Dressed in blue, gray and white uniforms, the children of St. Raphael Academy lined the long dark table in the hearing room. A row of microphones separated them from the two benches of smiling state legislators above.
The students wanted their state to issue a resolution urging President Obama to “adopt in its entirety” the UN Convention on the Rights of the Child.
“If enacted, the [convention]would become superior to the laws of the states and their judicial systems, and would be subordinate only to the text of the Constitution,” the proposed resolution stated.
For years, child rights advocates have campaigned to get the United States onboard the controversial children’s treaty. The only other hold out is Somalia, and that country recently announced its intention to join the treaty.
The hearing, held just a few weeks ago in Providence, Rhode Island, was supposed to be a mere formality. State legislators were eager to help the children. The state Senate hastily added its own hearing on the same night to accommodate them.

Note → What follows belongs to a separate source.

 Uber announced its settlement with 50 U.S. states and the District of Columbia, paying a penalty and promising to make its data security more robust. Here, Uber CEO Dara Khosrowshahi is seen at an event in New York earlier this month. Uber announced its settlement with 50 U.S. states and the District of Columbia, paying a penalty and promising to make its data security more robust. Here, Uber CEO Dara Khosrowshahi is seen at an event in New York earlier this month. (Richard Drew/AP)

The school had already arranged photo sessions with national legislators in Washington to capture the moment the students would deliver their prize.
It didn’t turn out the way the teachers said it would.

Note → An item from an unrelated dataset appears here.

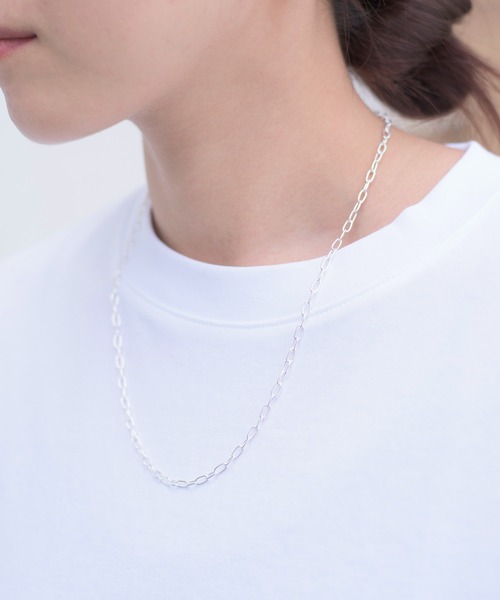 And A（アンドエー）の「And A アンドエー / Link chain necklace アズキチェーンネックレス チョーカー オーバル シルバー925（ネックレス・メンズ・シルバー・60cm/50cm/40cm）」の3枚目の写真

In an awkward turn of events that pitted pro-life and pro-family advocates against the students, legislators heard a host of reasons why U.S. ratification posed a threat to religious freedom, parental rights, and the right to life.
Heightening tensions was talk in the halls that the Vatican backed the resolution. The school’s lay chaplain testified that the resolution was launched at a joint event at the United Nations last year hosted by the Holy See and the religious order that runs St. Raphael’s.
Sources at the Holy See told the Friday Fax that it did not back the resolution. While the school did not mention it, the Holy See acceded to the treaty with several reservations, and just last year they upbraided the committee that monitors the treaty for misinterpreting it.
In 2009, that committee began interpreting it such that children must have access “without parental consent” to “reproductive health education or services,” a term often used by UN staff to include abortion.
Barth Bracy told the legislators that, if ratified, the treaty could jeopardize the state’s parental notification laws regarding abortion. The Rhode Island Right to Life director told the Friday Fax he was shocked and saddened to see students promoting the treaty completely unaware of its ramifications. “Just like Gaddafi, it seems some activists are willing to use our children as human shields to promote an anti-life agenda.”
Neither the House nor Senate resolution passed in the state legislature. The Friday Fax spoke with the campus lay chaplain, but she and the principal declined to comment.
This week another resolution wended its way through the Illinois legislature. If enacted, it would make all state child welfare programs comply with the convention regardless of U.S. ratification. A vote is scheduled for the end of this week.